Divider removed. Nature and Darwin resuscitated: a tidy denouement. Though perhaps unethical. Upsetting to the Miss.

“What’s the date today? The seventeenth? Take the next exit. Right here, Richie. Turn right here.”

 

Exit 181 at Saint-Joachim-de-Courval. We enter the stadium by way of the sale stables—twenty grand for a Bavarian Warmblood sired Cornelius Rottaler II; thirteen grand for Sheeza Lady, the Welsh Pony next door. The stalls fortified by barrels of oats and barley. Grass bales. Cubic pyramids of alfalfa. We’ve found the mess hall, then—surely camels eat hay? Perhaps if we drop them here at a feed station, flee before security spots the humps.

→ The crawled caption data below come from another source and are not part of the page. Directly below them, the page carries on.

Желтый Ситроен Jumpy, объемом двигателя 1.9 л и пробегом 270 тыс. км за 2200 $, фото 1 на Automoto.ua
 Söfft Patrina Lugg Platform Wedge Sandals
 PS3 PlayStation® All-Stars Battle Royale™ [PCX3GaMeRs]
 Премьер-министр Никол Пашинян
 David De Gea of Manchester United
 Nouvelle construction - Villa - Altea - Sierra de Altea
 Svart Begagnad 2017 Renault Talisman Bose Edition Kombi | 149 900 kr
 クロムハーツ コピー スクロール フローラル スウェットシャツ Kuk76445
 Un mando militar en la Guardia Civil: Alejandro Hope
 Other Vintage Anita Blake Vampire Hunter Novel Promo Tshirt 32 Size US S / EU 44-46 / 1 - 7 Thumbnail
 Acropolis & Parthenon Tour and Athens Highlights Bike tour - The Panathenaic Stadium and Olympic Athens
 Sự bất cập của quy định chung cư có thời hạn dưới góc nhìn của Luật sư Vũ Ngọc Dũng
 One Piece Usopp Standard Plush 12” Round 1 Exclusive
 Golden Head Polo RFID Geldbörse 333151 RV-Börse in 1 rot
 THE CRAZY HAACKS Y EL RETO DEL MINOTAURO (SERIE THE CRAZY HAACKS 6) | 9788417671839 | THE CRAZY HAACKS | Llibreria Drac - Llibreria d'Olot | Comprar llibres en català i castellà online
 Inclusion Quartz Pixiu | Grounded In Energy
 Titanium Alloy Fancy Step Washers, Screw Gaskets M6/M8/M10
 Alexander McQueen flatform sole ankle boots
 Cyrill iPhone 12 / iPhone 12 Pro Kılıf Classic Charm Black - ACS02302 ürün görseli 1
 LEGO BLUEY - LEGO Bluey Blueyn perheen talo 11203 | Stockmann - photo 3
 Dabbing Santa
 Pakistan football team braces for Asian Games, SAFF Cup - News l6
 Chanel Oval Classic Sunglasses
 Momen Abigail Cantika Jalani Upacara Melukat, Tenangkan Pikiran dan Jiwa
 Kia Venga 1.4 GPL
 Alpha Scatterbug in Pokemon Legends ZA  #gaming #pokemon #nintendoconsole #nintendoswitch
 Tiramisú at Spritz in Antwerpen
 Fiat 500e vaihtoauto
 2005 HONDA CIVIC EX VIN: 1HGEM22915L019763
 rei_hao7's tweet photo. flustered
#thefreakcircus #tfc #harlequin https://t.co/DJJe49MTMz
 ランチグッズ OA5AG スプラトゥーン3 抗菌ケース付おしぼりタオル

Blanche has sealed her hair beneath a prodigious sun hat. She might fit in, were it not for the road-wrinkled dress and third-trimester sweat glinting between her shoulder blades. She points to the dressage arena and loops her arm through my elbow. I follow her to the bleachers.

A British announcer booms over the PA—
“the sensation really”
(rehlly)
“of today’s competition”
—as though druh-sahzh requires Anglos shipped from the motherland—
“eight-year-old Lipizzaner stallion, Neapolitano Magnifica.”

“Isn’t it awful?” says Blanche. “How they’re paraded. I wish we could save them too.” She tugs my sleeve toward the front benches. Neapolitano Magnifica glows in centre ring, white coat tossing the sun beneath my eyelids. I can’t look straight on. He’s beatific. Flawless coat, as if before showtime the rider rubbed any imperfections with wet chalk. Vaseline for the chomps, perhaps. He trots in place, ankles springing like they’re hoofing on toothpicks

“How supple his back,”
murmurs the announcer, “
a cadenced
piaffe.”

A cadenced
piaffe
. Édith Piaf. “La Vie En Rose.” Supple backs and regulation heels—toothpicks, minimum 7.5 centimetres, she said. Blanche,
ma rose
.

“Blanche, my rose,” I say. “I forgot something in the car. A couple things. I’ll find you in twenty.”

Blanche’s wrist slides from my elbow and I barely catch her smile before she drifts toward the front bench.

“Just look at the height and the freedom in front,”
the announcer rumbles as I slip back toward the trailer.

Operation Camel-y Freedom. The trailer air is thick with unventilated piss, and here’s me, hunchback of urine can, sweet-talking the beasts from the collar of my T-shirt. I make lip-sucking noises, cluck my tongue.

“Out you go, boys—all-you-can-breathe oxygen, I promise you that.”

The camels are impervious—not negotiating. I gently shoulder-check one toward the open door.

“C’mon. Go get yerselves some vitamin D.”

What’s that they say about camels and stubbornness? I glance out a window, then face the nearest brute eye to eye. His face is like how children draw cats—anchor-shaped grin dropped from a triangular nose. I think he’s laughing at me. Perhaps they expect remuneration. Food-like.